- cross-posted to:
- technology@beehaw.org
- cross-posted to:
- technology@beehaw.org
On Monday, court documents revealed that AI company Anthropic spent millions of dollars physically scanning print books to build Claude, an AI assistant similar to ChatGPT. In the process, the company cut millions of print books from their bindings, scanned them into digital files, and threw away the originals solely for the purpose of training AI—details buried in a copyright ruling on fair use whose broader fair use implications we reported yesterday.
The 32-page legal decision tells the story of how, in February 2024, the company hired Tom Turvey, the former head of partnerships for the Google Books book-scanning project, and tasked him with obtaining “all the books in the world.” The strategic hire appears to have been designed to replicate Google’s legally successful book digitization approach—the same scanning operation that survived copyright challenges and established key fair use precedents.
While destructive scanning is a common practice among some book digitizing operations, Anthropic’s approach was somewhat unusual due to its documented massive scale. By contrast, the Google Books project largely used a patented non-destructive camera process to scan millions of books borrowed from libraries and later returned. For Anthropic, the faster speed and lower cost of the destructive process appears to have trumped any need for preserving the physical books themselves, hinting at the need for a cheap and easy solution in a highly competitive industry.
Ultimately, Judge William Alsup ruled that this destructive scanning operation qualified as fair use—but only because Anthropic had legally purchased the books first, destroyed each print copy after scanning, and kept the digital files internally rather than distributing them. The judge compared the process to “conserv[ing] space” through format conversion and found it transformative. Had Anthropic stuck to this approach from the beginning, it might have achieved the first legally sanctioned case of AI fair use. Instead, the company’s earlier piracy undermined its position.
But if you’re not intimately familiar with the AI industry and copyright, you might wonder: Why would a company spend millions of dollars on books to destroy them? Behind these odd legal maneuvers lies a more fundamental driver: the AI industry’s insatiable hunger for high-quality text.

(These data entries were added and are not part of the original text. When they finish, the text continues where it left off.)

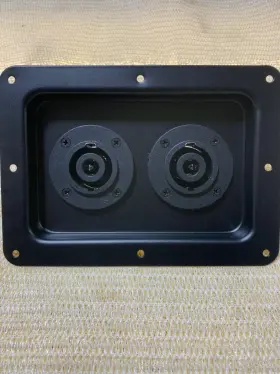NL8MPRXX NEUTRIK Speaker Jack Plate Speakon Connector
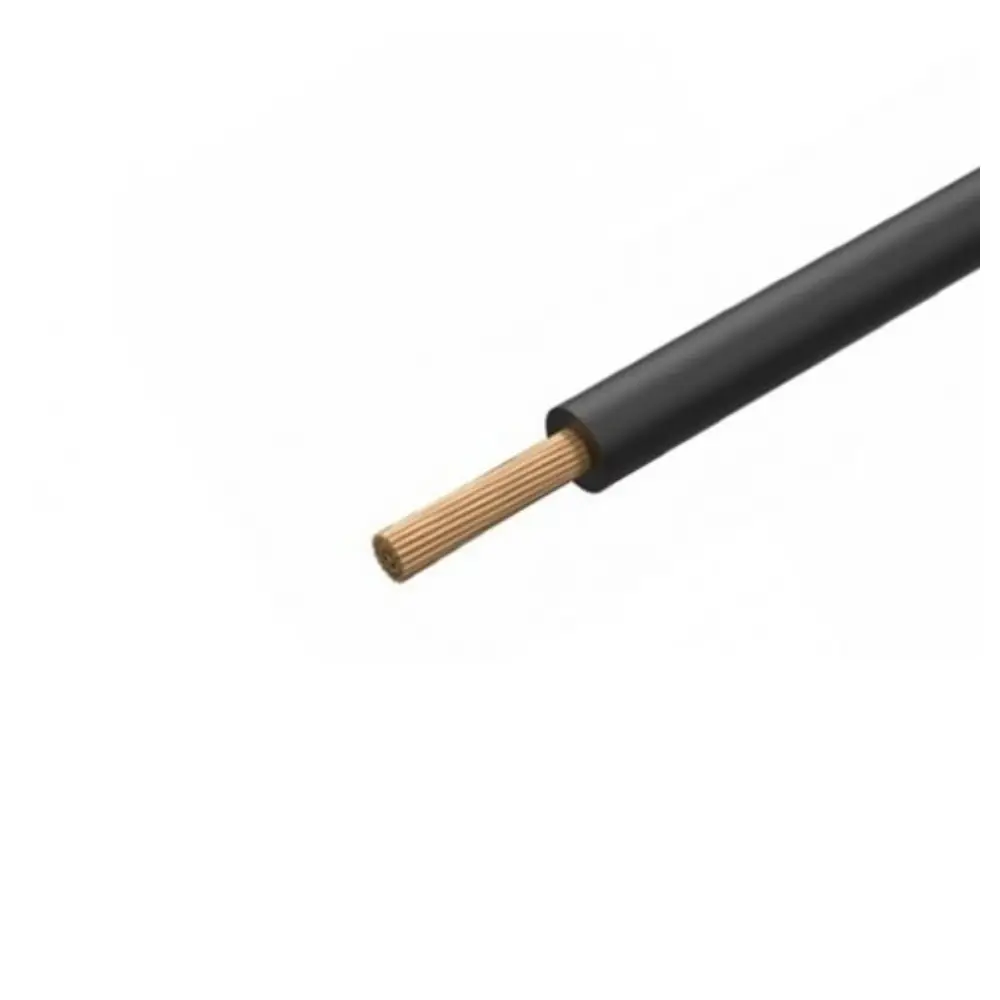 Žica licnasta crna 1mm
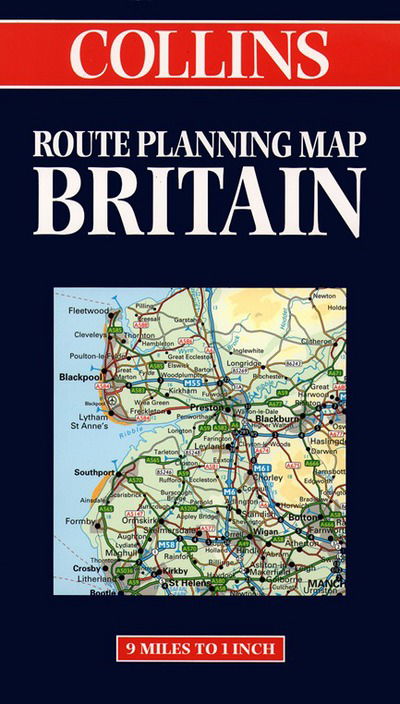 Cover for Collins · Collins Route Planning Map (Britain) - Collins route planning maps (Map) [Rev edition] (1998)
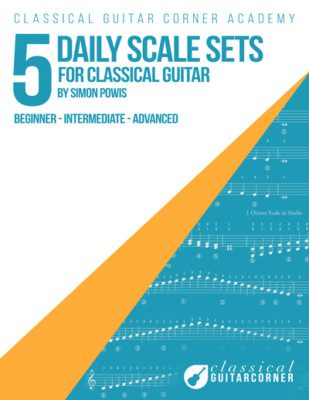 Classical Guitar Scale PDF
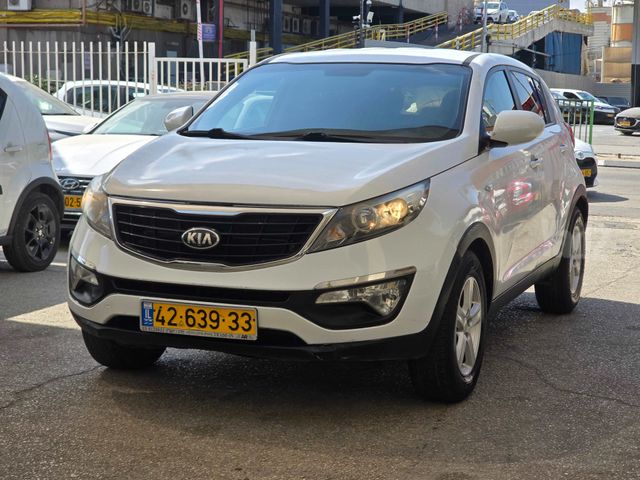 מודעת רכב קיה ספורטז'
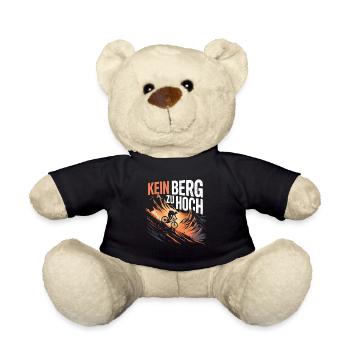 Cycling Cycling Mountain Bike MTB - Teddy Bear - black - Front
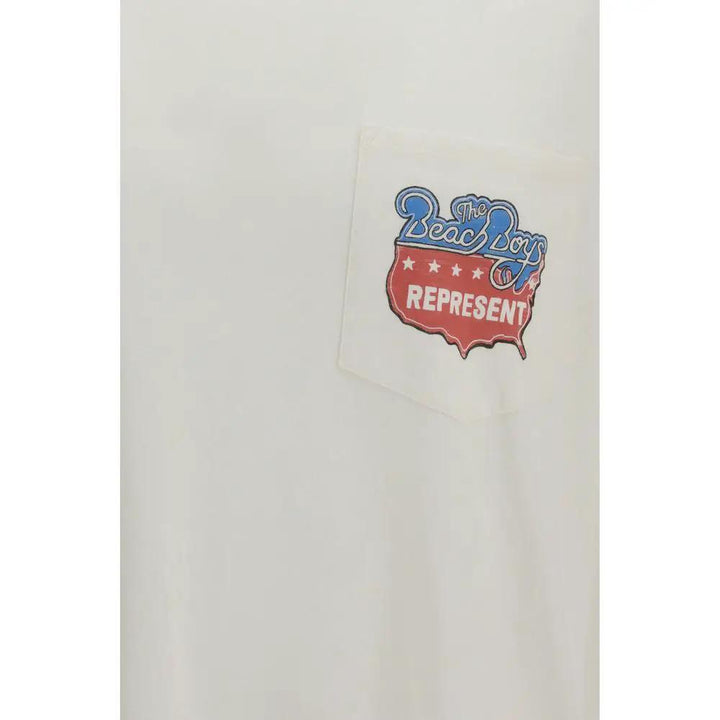 Represent Sample Sale | Represent White Cotton T-Shirt - | Designer outlet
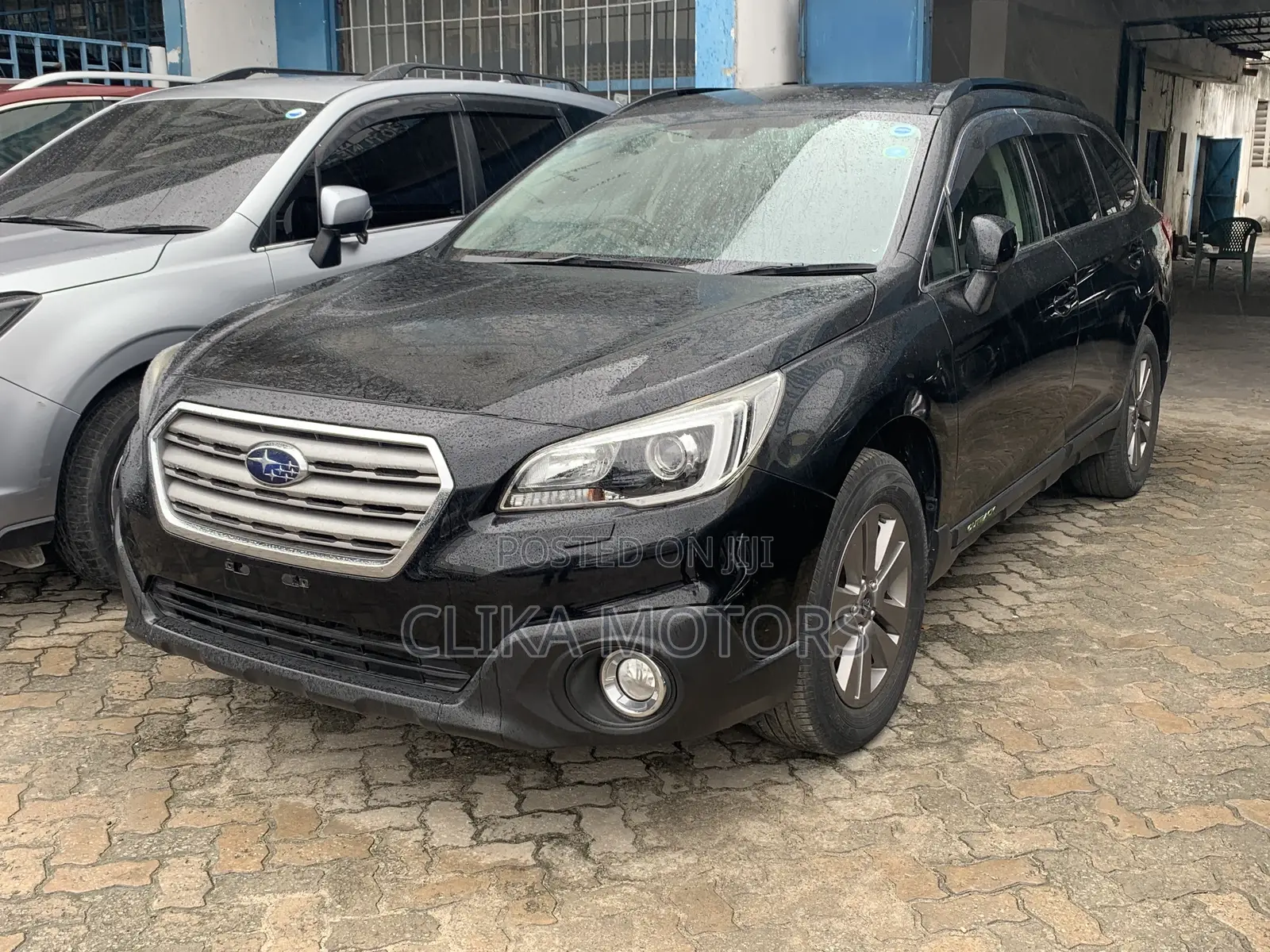 Subaru Outback 2.5i Limited AWD 2017 Black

When a bookstore goes out of business or just can’t sell a book, they don’t return it to the printers, they tear off the cover, return that and by law have to throw the rest of the book in the trash and destroy it. So books are already destroyed by the millions. When I was a kid our hometown bookstore went out of business and I watched them throw away 2 metal dumpsters full of coverless books. If they were destroying ancient texts or valuable copies, that would be more something to get excited about. I doubt that they were doing that though.
It’s not secret, it was their defence when they got sued for copyright infringement. Instead of download all the books from Anna’s archive like meta, they buy a copy, cut the binding, scan it, then destroy it. “We bought a copy for personal use then use the content for profit, it’s not piracy”
I assume “destructively scan” means to cut the spine off so they lie flat, and that one copy of each book will be scanned? Isn’t that a pretty normal way of doing it in cases where the prints aren’t rare?
Probably, yes. I think there’s a copyright reason behind destroying the book?
Not copyright, as much as if the book isn’t precious, it’s easier to do that, feed the loose pages into the scanner, and then get an intact one if you want it, compared to the additional expense of having to build and program a machine to carefully turn the pages and photograph what’s inside, or the time it would need by comparison.